Padahal mereka tidakdisuruh kecuali supaya menyembah Allah dengan memurnikan keta’atan kepada-Nya dalam(menjalankan) agama yang lurus… (QS. al-Bayyinah [98]: 5)
Rasulullah shallallahu ‘alaihi wa sallam pernah bersabda:

Barangsiapa yang menuntut ilmu untuk membantah orang bodoh, atau berbangga di hadapan ulama atau mencari perhatian manusia, maka dia masuk neraka. (HR. Ibnu Majah 253)

Imam ad-Daruqutni berkata: “Dahulu kami menuntut ilmu untuk selain Allah, akan tetapi ilmu itu enggan kecuali untuk Allah.” (Tadzkiratus Sami hal. 47, lihat Ma’alim fi Thoricj Tholibil llmihal. 20)[ii]

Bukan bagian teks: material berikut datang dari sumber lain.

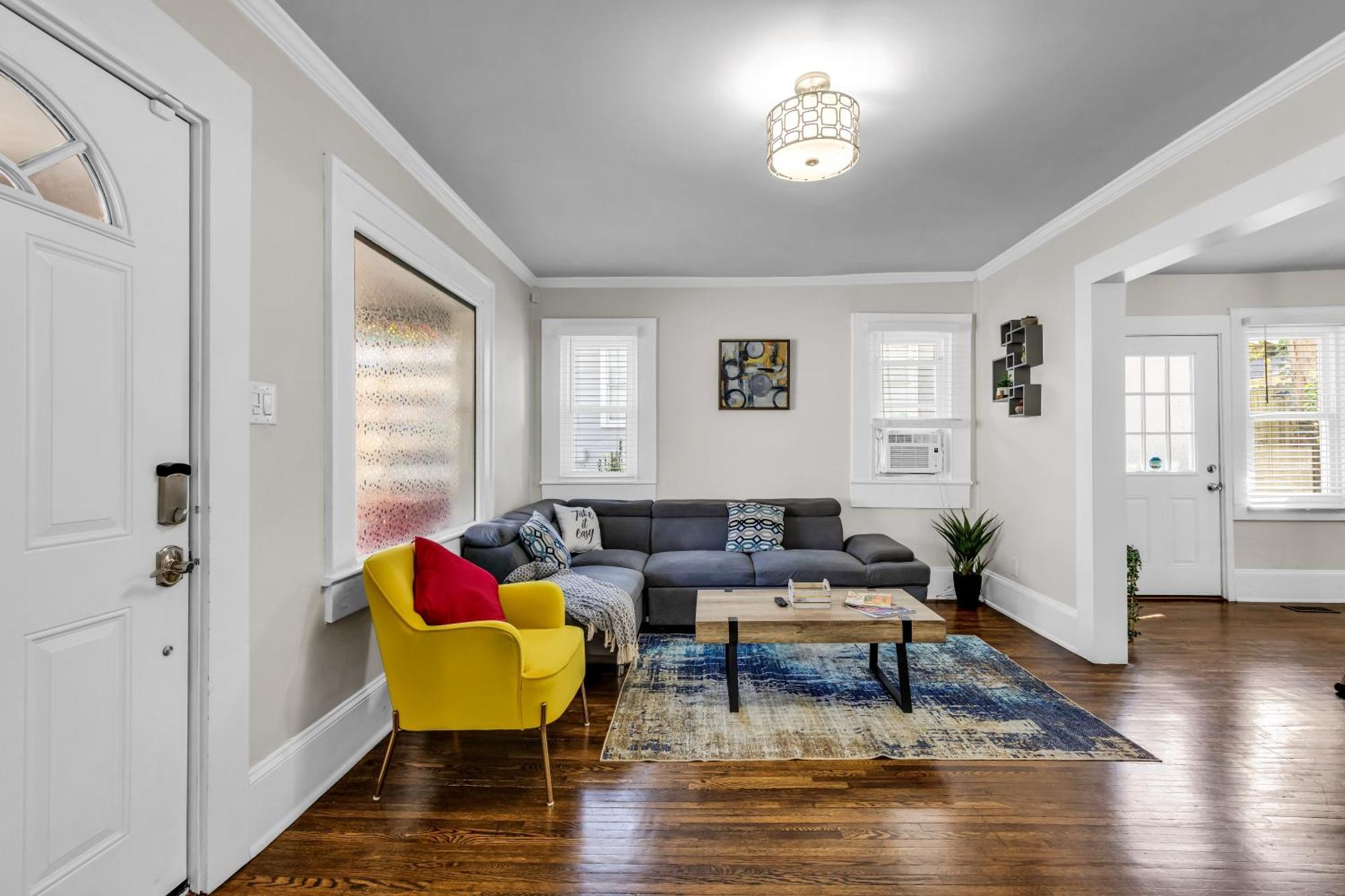 Luxury 3br Noda Holiday home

Imam asy-Syaukani berkata: “Pertama kali yang wajib bagi seorang penuntut ilmu adalah meluruskan niatnya. Hendaklah yang tergambar dari perkara yang ia kehendaki adalah syariat Allah, yang dengannya diturunkan para Rasul dan al-Kitab. Hendaklah penuntut ilmu membersihkan dirinya dari tujuan-tujuan duniawi[iii], atau karena ingin inencapai kemuliaan, kepemimpinan dan Iain-lain. Ilmu ini mulia, tidak menerima selainnya.” (Adabut Tholab wa Muntaha al-Arab hal. 21)

Apabila keikhlasan telah hilang ketika belajar, maka amalan ini (menuntut ilmu) akan berpindah dari keutamaan yang paling utama menjadi kesalahan yang paling rendah!. (at-Ta’liq as-Tsamin hal. 18)

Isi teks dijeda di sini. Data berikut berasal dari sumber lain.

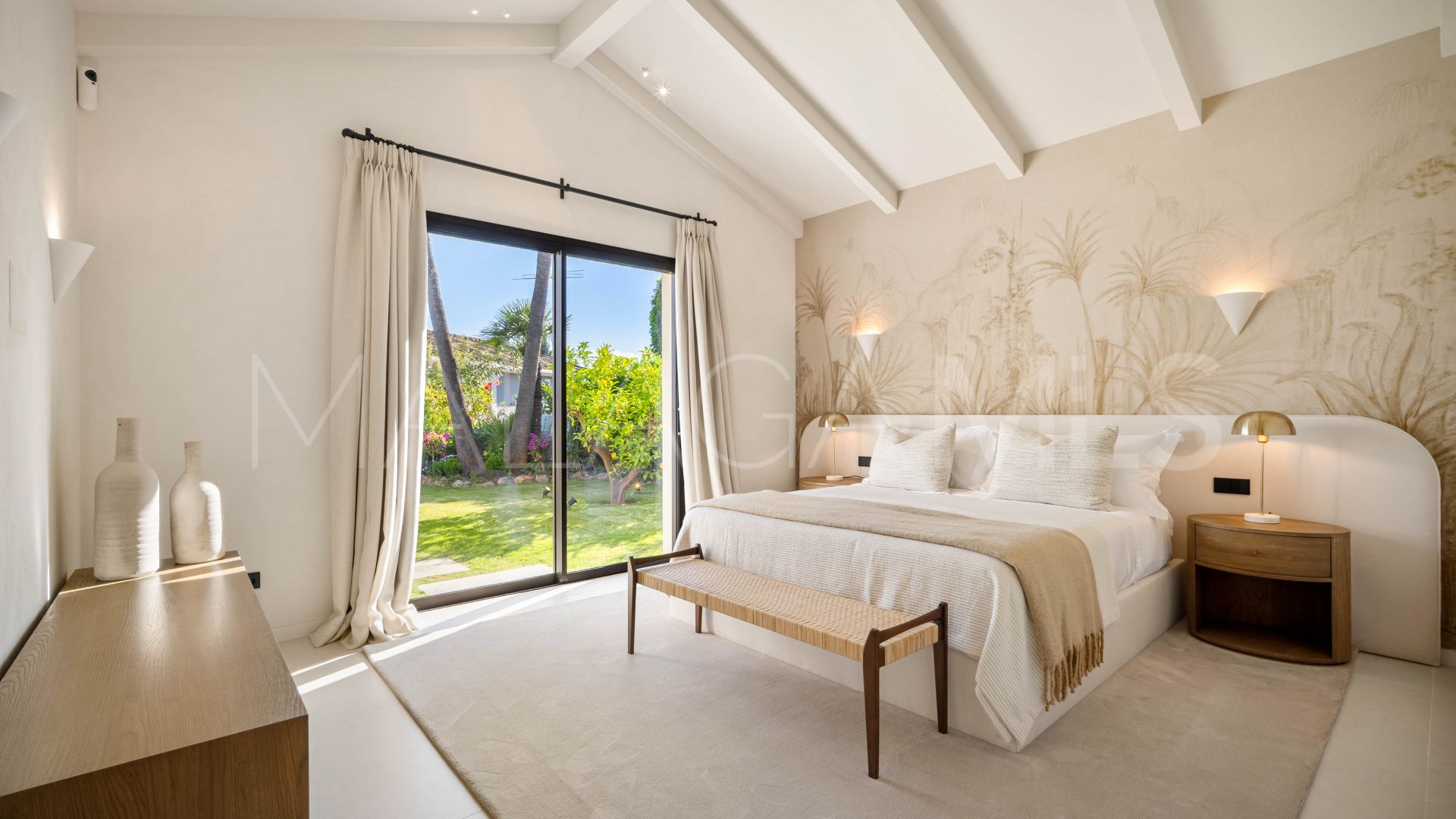 Villa for sale in Nueva Andalucia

2. Jangan mencari guru sembarangan

Ibnu Jama’ah al-Kinani berkata: “Hendaklah penuntut ilmu mendahulukan pandangannya, istikhoroh kepada Alloh untuk memilih kepada siapa dia berguru. Hendaklah dia memilih guru yang benar-benar ahli, benar-benar lembut dan terjaga kehormatannya. Hendaklah murid memilih guru yang paling bagus dalam mengajar dan paling ba­gus dalam memberi pemahaman. Janganlah dia berguru kepada orang yang sedikit sifat waro’nya atau agamanya atau tidak punya akhlak yang bagus.” (Tadzkiratus Sami’ wal Mutakallim hal. 86)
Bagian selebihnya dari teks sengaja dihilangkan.